It was a year of musical retrenchment where I only bought 25 CDS — so let me go back further in time

14 December 2013

9:00 AM

14 December 2013

9:00 AM

Albums of the year? What a good question. Some years we can answer it, some years we can’t. The essence of pop music is its newness, its absolute determination to upgrade itself and keep on upgrading itself, often beyond anyone’s interest in its upgrading itself. Accordingly, there are some years when the paid-up music obsessive has to retrench and consolidate and — quite simply — stop buying new records until he can find somewhere to put them.

I only bought about 25 new CDs this year, of which only five or so were new-new-new. As yet, none of them has really come through. But there’s time. There’s tomorrow, there’s next week, and there’s the rest of my life to get the most out of the David Bowie album. And there’s not even that for the Daft Punk album, which I thought was very thin. My copy has already progressed to the next phase of its existence, under the letter ‘D’ in Oxfam Books & Music, with all the other Daft Punk albums people were underwhelmed by. As only the middle-aged now buy CDs, it’s clearly punters of a certain vintage who were fooled by the hype and the deep, Nile Rodgers-inspired catchiness of ‘Get Lucky’. Daft Punk got lucky. I’m not sure we did.

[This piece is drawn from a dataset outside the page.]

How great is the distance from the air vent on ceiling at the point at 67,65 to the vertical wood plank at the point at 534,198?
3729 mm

In a year of musical retrenchment, though, it doesn’t really matter what else is going on. Most of the records you listen to are the ones you already had. I wrote here a couple of months ago about suddenly ‘getting’ Talk Talk’s Spirit Of Eden, which had been sitting on my shelves virtually unplayed for a quarter of a century. That would probably be my album of 2013, and there are a couple of others that have also made the breakthrough. It goes without saying that all these albums are slow-burners, but so many pop albums burn brightly and go out, and I know which I’d prefer to keep me warm on a cold winter’s night.

Kate Bush’s Director’s Cut (2011) was a little overshadowed by the same year’s 50 Words For Snow, partly because the latter was a brand-new album and the former only a rejigging of old tracks. Both albums continue her progression towards quieter, jazzier textures and more opaque melodies — the tall blonde woman who also lives here shakes her head and says she doesn’t get Kate Bush any more — but Director’s Cut is marginally more accessible and has stronger songs. Indeed, to my ears, every one of these versions comprehensively trumps the originals on The Sensual World and The Red Shoes. This is music to surrender to, get lost in. And I love the fact that someone who acknowledges no commercial imperatives, who follows her own artistic whims, still manages to sell heaps of records.

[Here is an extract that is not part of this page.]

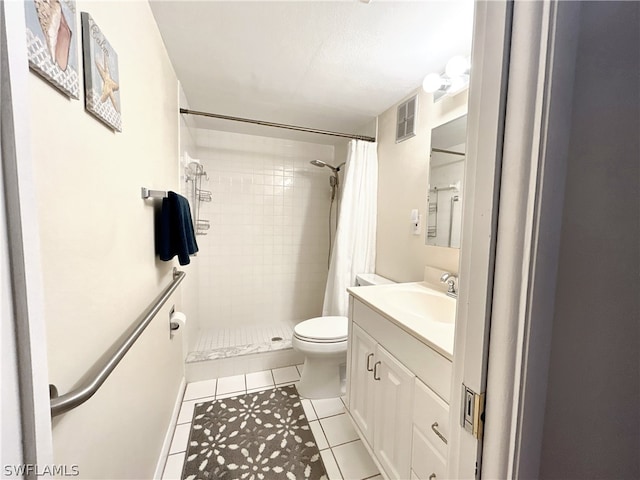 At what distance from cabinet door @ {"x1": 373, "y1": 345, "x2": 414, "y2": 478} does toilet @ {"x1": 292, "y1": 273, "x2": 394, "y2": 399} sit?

I have bought a few albums by the US singer-songwriter Aimee Mann over the years and nearly liked them, but never quite enough. Were the songs too samey? Was her voice a little too dreary? Similar questions could probably be asked of @#%&*! Smilers (2008), but for some reason, this time it all works. She writes pop songs in the old-fashioned way, with guitars, hooks and a perennially raised eyebrow. This record is enriched by a slightly broader musical palette than usual, but it’s the quality of the writing that makes the difference. ‘Freeway’ is the radio hit, strong and straightforward. ‘31 Today’ has the McCartneyesque hook you’re amazed you have never heard before. And songs like ‘Phoenix’ and ‘Columbus Avenue’ suddenly make glorious sense after 10, 15, even 20 hearings. Has she maintained the same standards on subsequent recordings? I haven’t yet dared find out.

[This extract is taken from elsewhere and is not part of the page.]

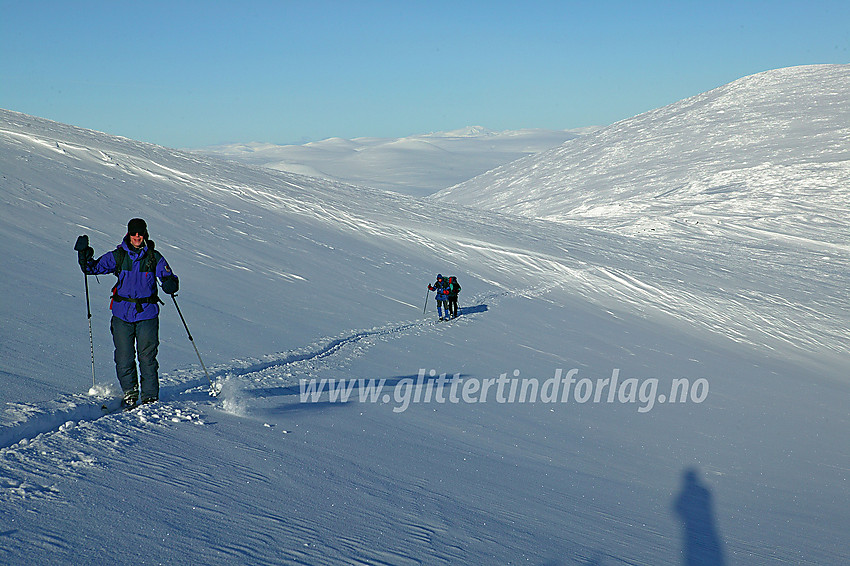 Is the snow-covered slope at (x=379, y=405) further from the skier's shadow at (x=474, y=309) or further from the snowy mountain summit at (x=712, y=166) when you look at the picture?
the snowy mountain summit at (x=712, y=166)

Finally, one that really does go back a few years. Natalie Merchant was once the singer and main songwriter for 10,000 Maniacs, a classic nearly-group of the late 1980s who should have been but weren’t quite. Again, I kept nibbling tentatively at the solo career without really enjoying the flavour, until this year when I bought Motherland (2001), mainly because I loved Christy Moore’s version of the title track. It’s a quite stunning record, the full three-course meal of melody, folk-rock with a soulful edge, and shorn of Merchant’s occasional tendency to tweeness and obscurity for its own sake. T-Bone Burnett co-produced and obviously made the difference, which is probably why she hasn’t worked with him since. ‘Put The Law On You’ is the nearest she will ever get to the blues, and ‘Motherland’ itself is one of those songs you are amazed the world hasn’t heard and taken to its heart. It’s the world’s loss, as always.